*DIRECTIONS*: With the pictures left out, please return exactly the line holding "Mũ Beret Cotton Màu Trơn Giữ Ấm Thời Trang" and each following line until the entries end.

*DATA SECTION*:

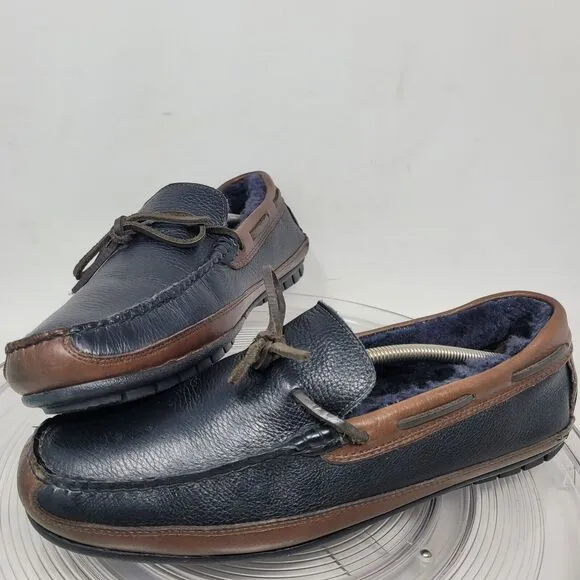 JOHNSTON &amp; MURPHY CORT SHEARLING BLACK FULL-GRAIN LEATHER DRIVING MOC Sz 9.5 99%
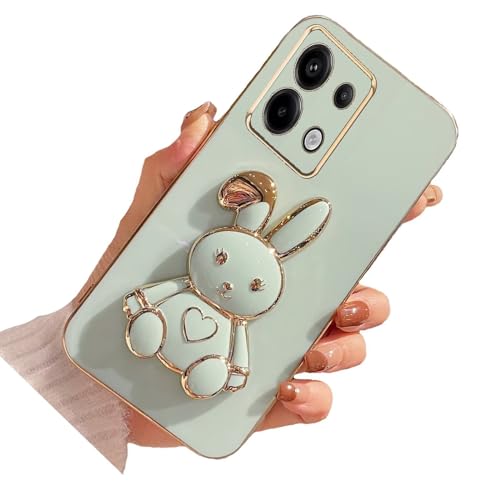 Nadoli für Xiaomi Redmi Note 13 Pro 5G Hase Versteckt Ständer Hülle,Karikatur Ultra Dünn Überzug Galvanisierte Herz Ständer Weiche Silikon Kratzfest Handyhülle Schutzhülle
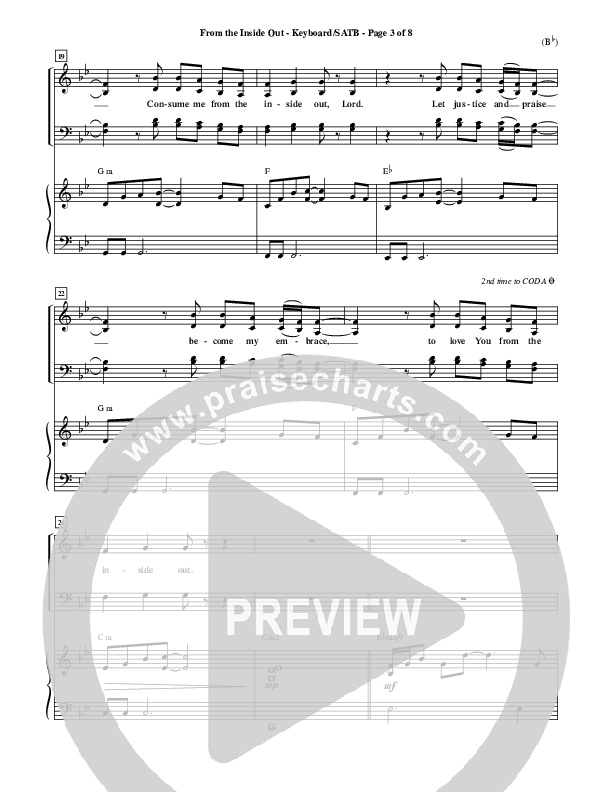 From The Inside Out Piano/Vocal (SATB) (Joel Houston)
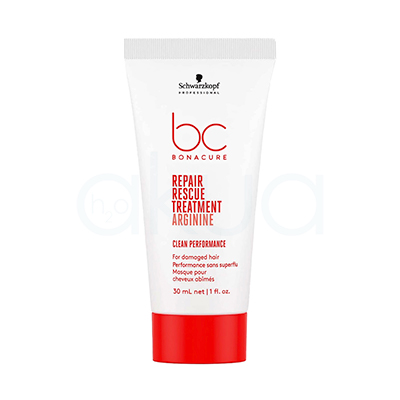Serum Repair Rescue Fit Ends Bonacure 30ml. El envase es principalmente blanco con detalles en rojo en la base y en el texto del frontal.H2o Akua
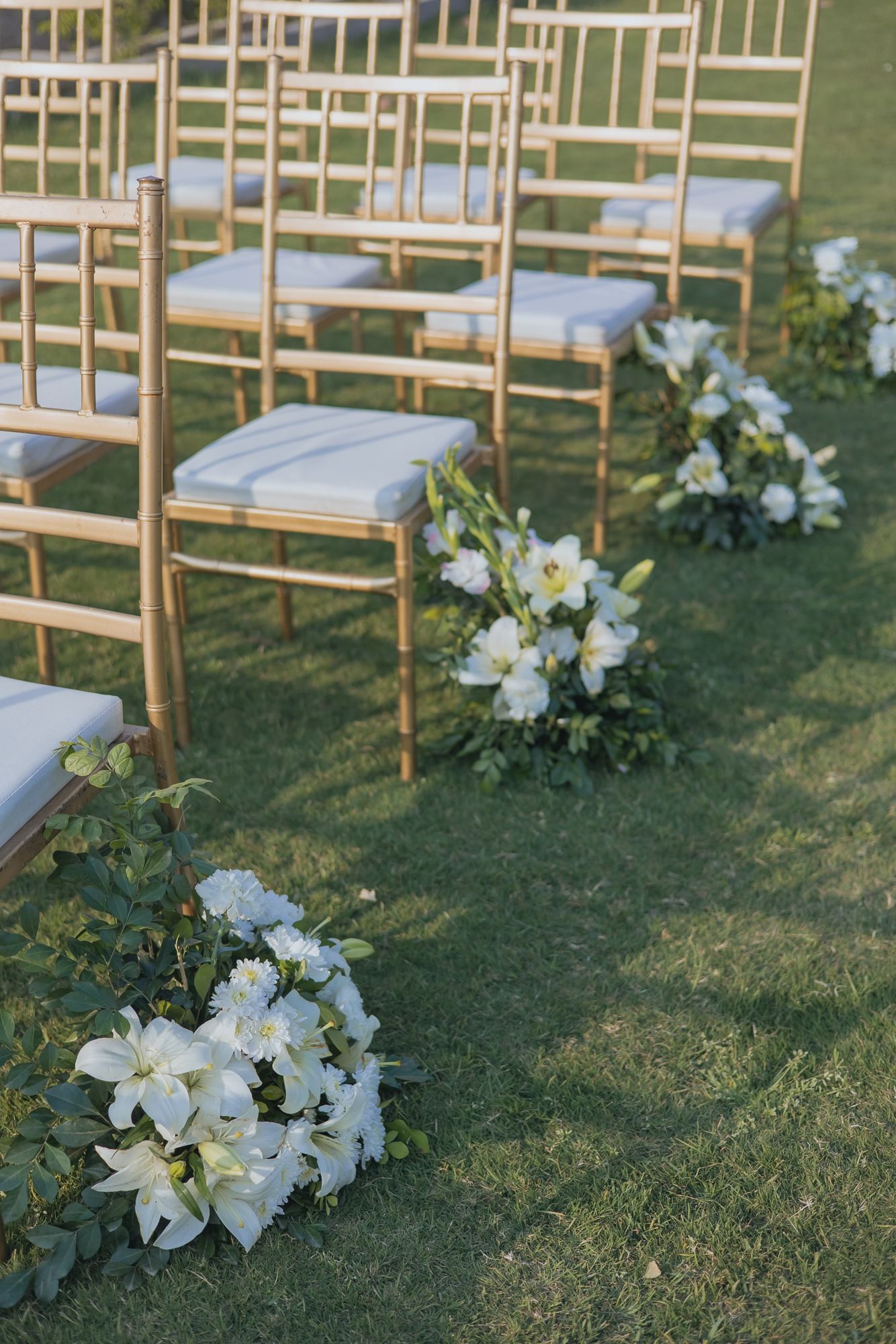 Minimal white floral mandap at Forest Hill for an intimate Indo-Norwegian wedding in Forest Hill, Chandigarh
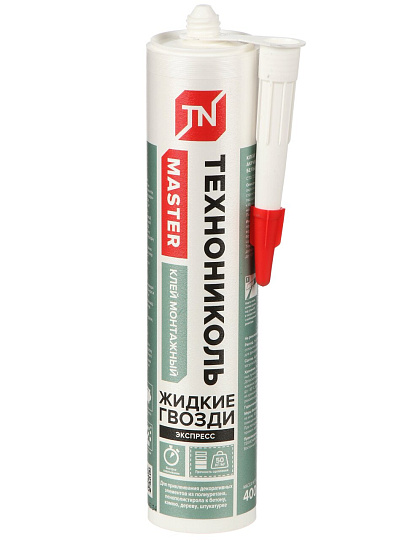 Клей монтажный Технониколь, акриловый, белый, водостойкий, однокомпонентный, 280 мл, 101032, Master Экспресс Декор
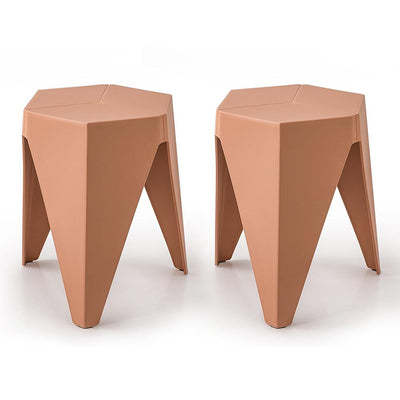 ArtissIn Set of 2 Puzzle Stool Plastic Stacking Bar Stools Dining Chairs Kitchen Pink - Payday Deals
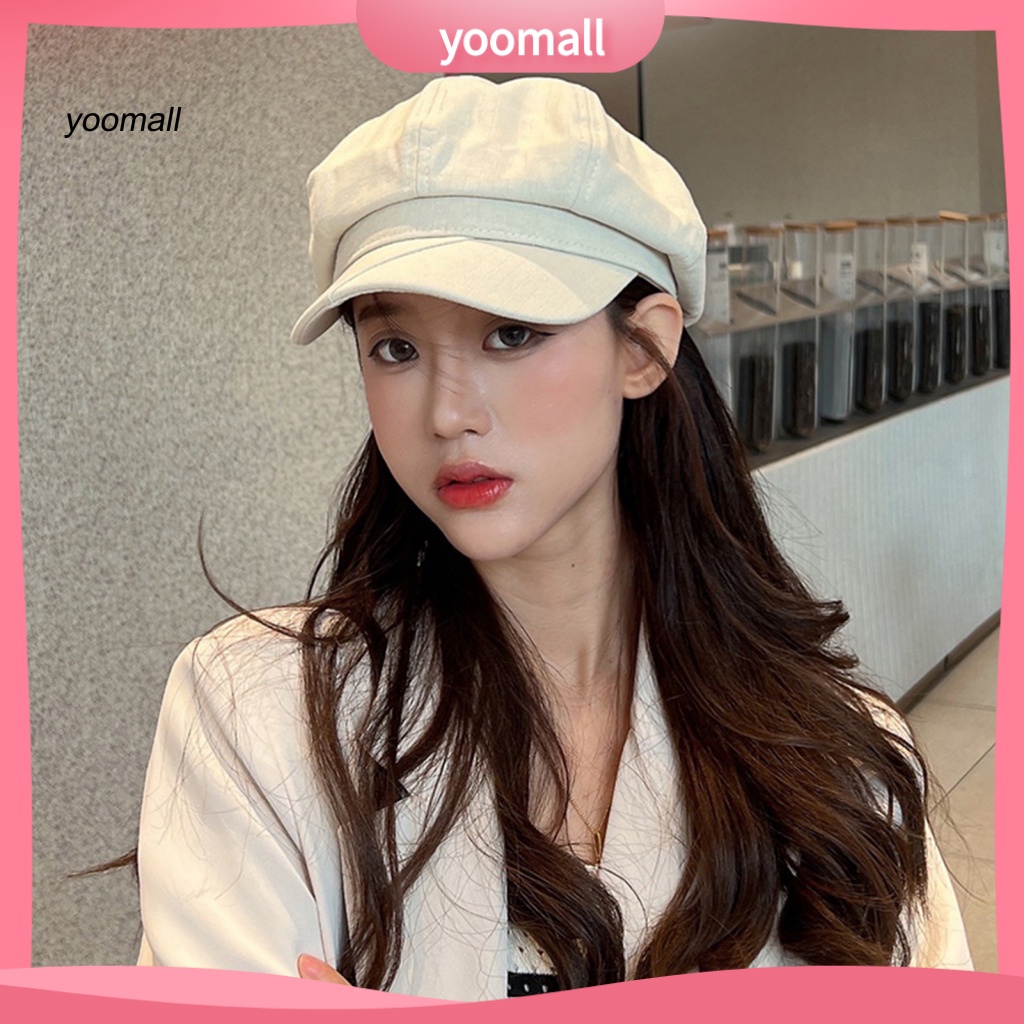 Mũ Beret Cotton Màu Trơn Giữ Ấm Thời Trang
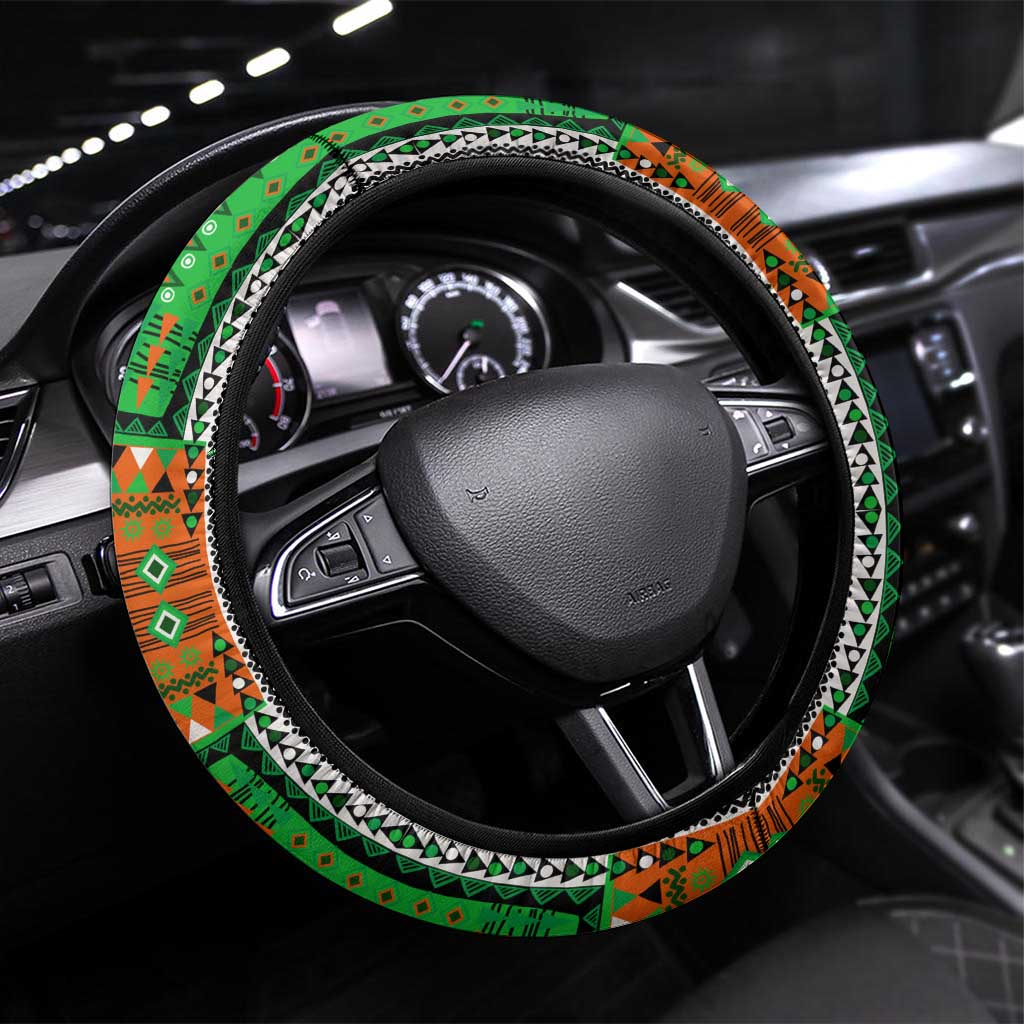 Niger Roots Steering Wheel Cover African Pride in Fingerprint and Tribal Colors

*YOUR SOLUTION*:
 Mũ Beret Cotton Màu Trơn Giữ Ấm Thời Trang
 Niger Roots Steering Wheel Cover African Pride in Fingerprint and Tribal Colors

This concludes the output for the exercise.